__PROBLEM__: Leave out the images and repeat the listing below without a single change.

__SUPPLIED DATA__:
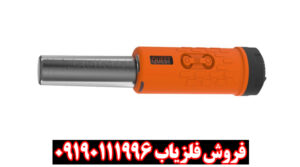 پین پوینتر ایکس پوینتر مکس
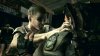 Resident Evil 5 Screenshot 35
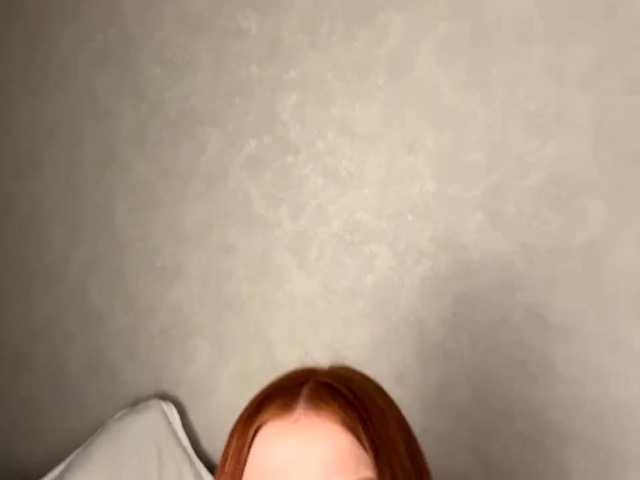 LyndseyShinkle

__OUTPUT BELOW__:
 پین پوینتر ایکس پوینتر مکس
 Resident Evil 5 Screenshot 35
 LyndseyShinkle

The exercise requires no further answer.